Presumptive Democratic presidential nominee Barack Obama, flush from a silk-stocking fundraiser the night before that ended with a $28,500-a-plate dinner of beef medallions, stopped off for a meet-and-greet at a St. Paul cafe on Thursday that ended with a $3 order of pancakes to go.

Obama signed menus and greeted patrons at the Copper Dome restaurant in St. Paul near the corner of Hamline and Randolph avenues for more than 30 minutes early Thursday before leaving town.

A server came up to him and asked if he wanted to order anything. The candidate said he had to take his order to go and asked a couple he was talking to about what he should order. They suggested pancakes and the server reeled off a long list of different kinds available, but Obama said "I'm kind of a traditionalist" and said he would just have buttermilk pancakes.

Another couple were baseball fans and asked him if was for the Twins or the White Sox. "If you think I'm going to throw my White Sox under the bus because I'm here in Minnesota, that's not going to happen," Obama said.

Managers of the longtime St. Paul landmark said they were told only minutes before that Obama and his entourage would be arriving. But they said it worked out for the best as Obama moved, jacketless and with shirtsleeves rolled up, through the dozen or so customers.

"It's probably better that way. They were a very nice group. Everyone was very polite. We didn't have any problems with any of them," said manager Linda Weiss.
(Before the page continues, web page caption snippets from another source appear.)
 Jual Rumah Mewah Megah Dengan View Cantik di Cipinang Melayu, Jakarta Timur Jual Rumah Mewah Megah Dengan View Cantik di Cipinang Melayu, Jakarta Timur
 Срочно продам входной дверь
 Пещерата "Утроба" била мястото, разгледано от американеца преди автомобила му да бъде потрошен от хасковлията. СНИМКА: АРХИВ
Exchanging pleasantries, Obama acknowledged to Weiss that his order was probably cold by the time he left the restaurant.

"When I gave them to you they were hot," she said she assured him. He nodded.
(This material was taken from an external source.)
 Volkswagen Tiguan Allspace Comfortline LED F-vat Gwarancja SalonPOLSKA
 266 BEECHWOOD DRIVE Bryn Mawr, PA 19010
Gayle Christensen, of New Brighton, was in the restaurant when Obama arrived and was able to get him to sign a menu. She is an unabashed Obama supporter and believes he is the candidate to address critical issues such as health care and Social Security.
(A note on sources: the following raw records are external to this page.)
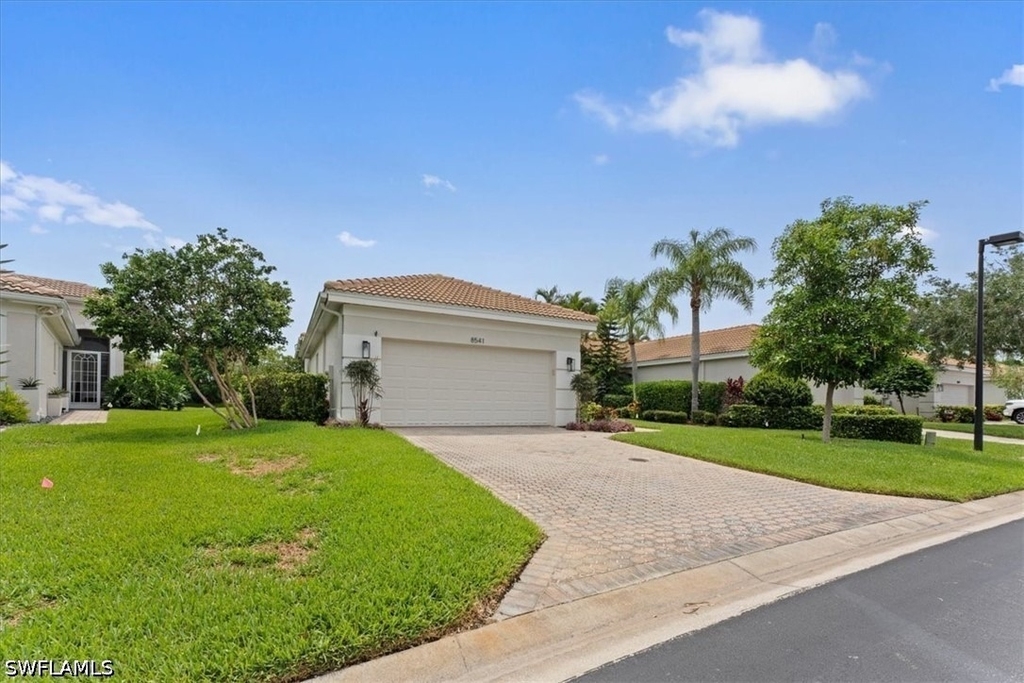 8541 Pepper Tree Way - Photo 2
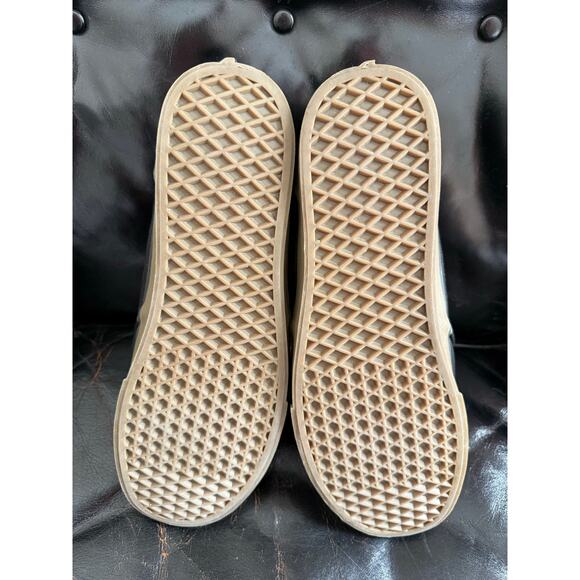 Vans Men’s Size 13 Black Canvas Low Top Skate Shoes Gum Sole Casual Sneakers - Picture 3 of 5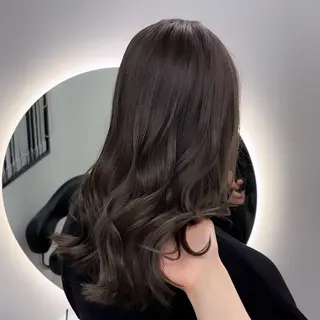 セミロング カラー Ren. 🦋デザインカラーのヘアスタイル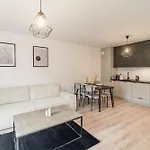 Grzegorzki Apt - Balcony, Ac, Shops&Tram Nearby - By Rentujemy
"I believe in him, and I believe the country believes in the change that Barack can bring to us," she said, standing outside the restaurant after he left. Almost breathless, she added: "My pancakes are still in there, but I don't care."

Greeted passers-by

Following his visit at the Copper Dome, Obama shook hands and spoke briefly with passers-by outside the restaurant, chatting with a woman about her pregnancy and with a group of schoolchildren about upcoming track practice. He playfully gave several children his now-famous fist bump.

Debbie Ethen and several other teachers at the nearby Children's House Montessori, hearing from a parent that Obama was in the restaurant, gathered several of the children and brought them down to stand outside. The center has children from 3 years old to pre-kindergarten and many of them are aware of both Obama and Republican candidate John McCain, Ethen said.

"It's a very important time in our country and to be able to see someone running for president that may change the focus of our country is very important," said Ethen, who said she is supporting Obama. "We don't tell the children who we're voting for. But I'm sure we'll be talking about this when we get back."

A spokesman for McCain said afterward that the home-spun flavor of the Copper Dome visit should not overshadow the real reason for Obama's Minnesota trip -- a high bucks fundraiser -- and that Obama's recent decision to decline to abide by campaign public financing restrictions was an indication of the kind of politician the Illinois senator has become.

"He's here showing the world that he's more of a typical politician than he claims to be," said Tom Steward, McCain's Minnesota campaign spokesman. "This stopover on the way to the airport to meet and mingle with a few folks, commendable, but more for a photo op than anything else that shouldn't distract from the fact that he was here to raise millions of dollars."